Have you ever noticed how the marigold looks like the sun? Golden yellow, global, and bursting with heat, the marigold is often associated with warmth, love, and creativity. As one of autumn's sturdiest flower, marigolds also represent stubbornness and determination.

The most common species of the cosmos is a member of the Aster family, and the flowers are usually red, pink or white. This birth flower represents order, tranquillity, and balance.

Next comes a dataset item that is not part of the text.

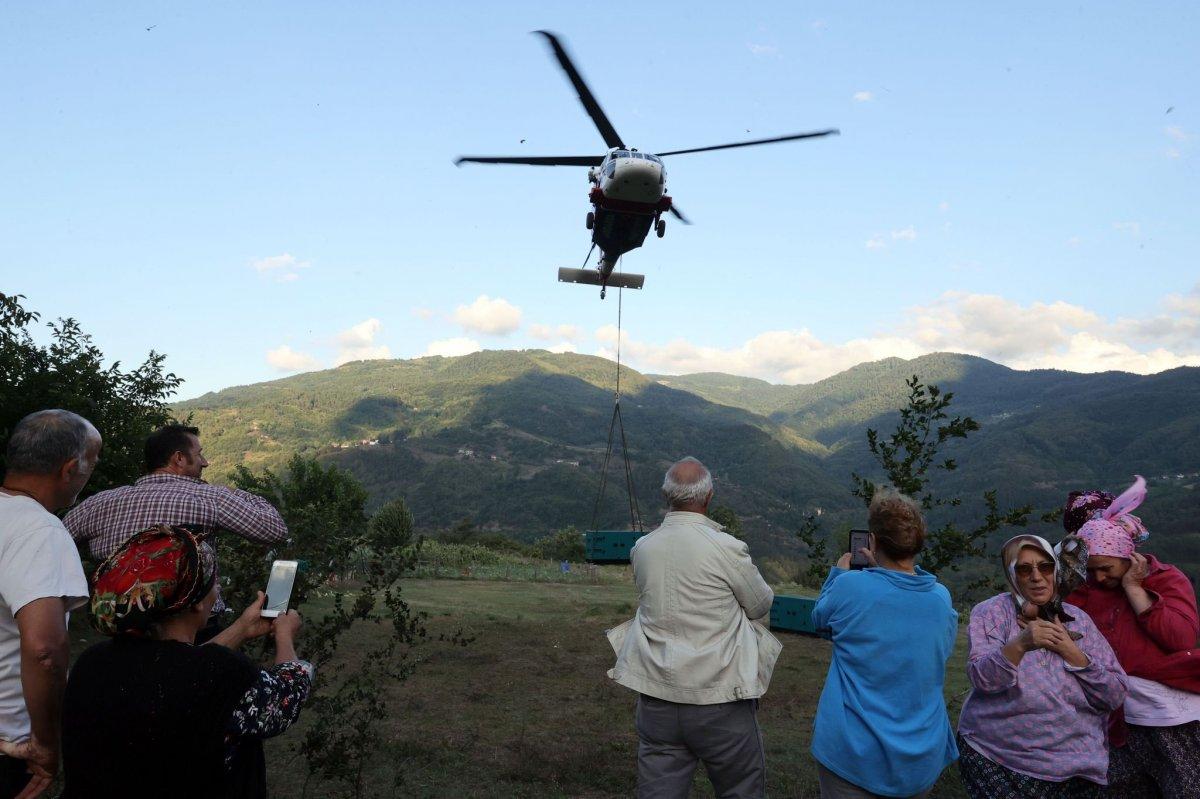 Selde elektriksiz kalan köyler, mobil jeneratörle aydınlanıyor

November’s Birth Flower: Chrysanthemum

Chrysanthemums bloom in a range of colours, including white, yellow, orange, lavender, purple, red, and even bicolour. When selecting a November birth flower, choose red chrysanthemums as a symbol of love, white chrysanthemums for loyalty and devotion, or you could choose your recipient’s favourite colour. However, you might want to avoid yellow chrysanthemums because they symbolise neglected love or sorrow.

In general, chrysanthemums represent friendship, honesty and happiness. Chrysanthemums also signify love and optimism and are thought to bring good luck and joy into a home.

December’s Birth Flower: Holly or Narcissus

Holly is associated with peace and goodwill. Seasonal festivities just wouldn’t be the same without wreaths and table decorations festooned with those prickly dark green leaves and bright red berries. So it seems only right that holly is the birth month flower for December. Holly is known for good fortune, peace and merriment.

The paperwhite is the winter-growing variety of the genus Narcissus. This December birth flower is associated with sweetness and signifies that you want your beloved to stay just the way they are. In China, narcissus represents the Chinese New Year because it is associated with hope, wealth and good fortune.